- **DIRECTIONS**
When you reach the line containing "If you have", begin reproducing the material exactly, stop after the line containing "If you are not", and leave out any pictures along the way.

--*--

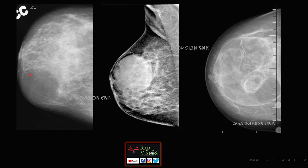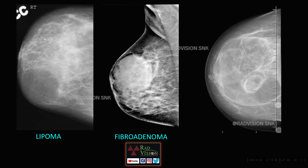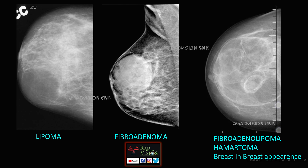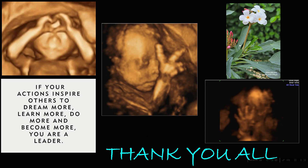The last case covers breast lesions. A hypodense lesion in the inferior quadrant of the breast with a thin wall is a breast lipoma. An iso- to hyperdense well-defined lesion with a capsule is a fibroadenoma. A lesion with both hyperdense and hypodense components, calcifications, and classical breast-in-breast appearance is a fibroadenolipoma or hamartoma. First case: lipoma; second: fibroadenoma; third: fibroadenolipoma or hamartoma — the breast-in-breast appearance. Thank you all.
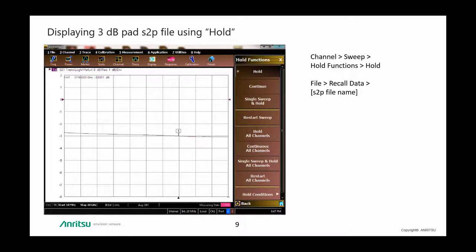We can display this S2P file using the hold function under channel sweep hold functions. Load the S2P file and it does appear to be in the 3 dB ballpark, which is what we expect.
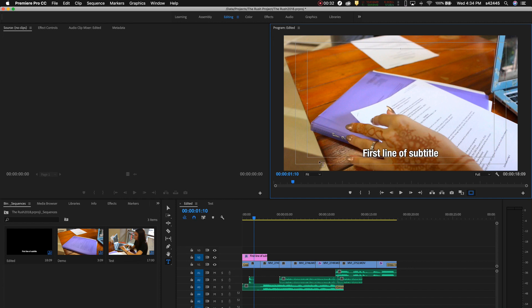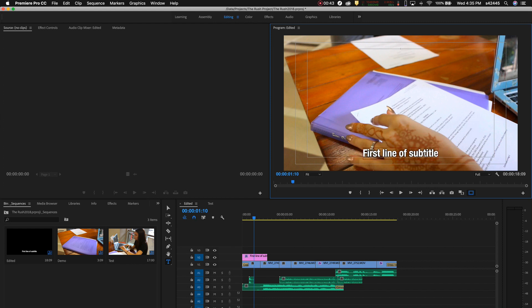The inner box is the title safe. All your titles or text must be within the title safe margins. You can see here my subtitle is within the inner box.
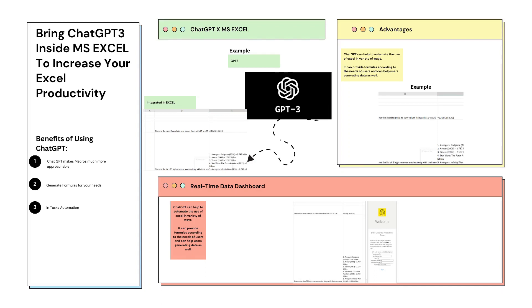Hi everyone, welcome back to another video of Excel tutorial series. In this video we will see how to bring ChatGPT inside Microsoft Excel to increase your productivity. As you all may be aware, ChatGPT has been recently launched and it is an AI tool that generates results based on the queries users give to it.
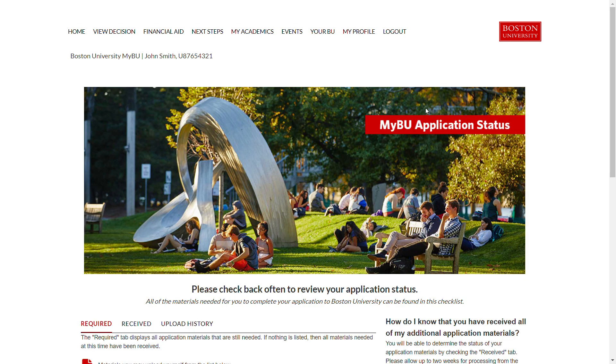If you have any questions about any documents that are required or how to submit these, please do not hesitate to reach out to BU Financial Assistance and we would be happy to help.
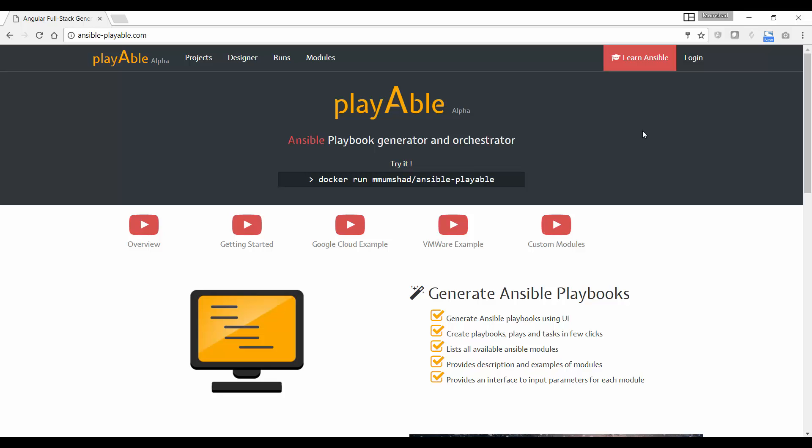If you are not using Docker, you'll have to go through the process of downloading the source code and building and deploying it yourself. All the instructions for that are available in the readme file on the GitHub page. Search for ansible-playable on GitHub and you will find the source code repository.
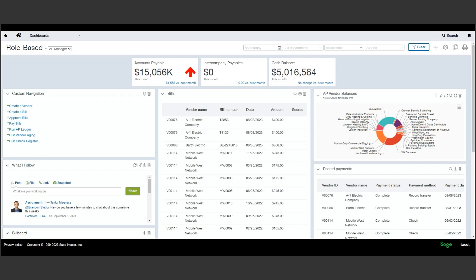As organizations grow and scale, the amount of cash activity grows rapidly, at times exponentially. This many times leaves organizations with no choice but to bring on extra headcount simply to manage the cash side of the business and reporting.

--*--

- **SOLUTION**
If you have any questions about any documents that are required or how to submit these, please do not hesitate to reach out to BU Financial Assistance and we would be happy to help.
If you are not using Docker, you'll have to go through the process of downloading the source code and building and deploying it yourself. All the instructions for that are available in the readme file on the GitHub page. Search for ansible-playable on GitHub and you will find the source code repository.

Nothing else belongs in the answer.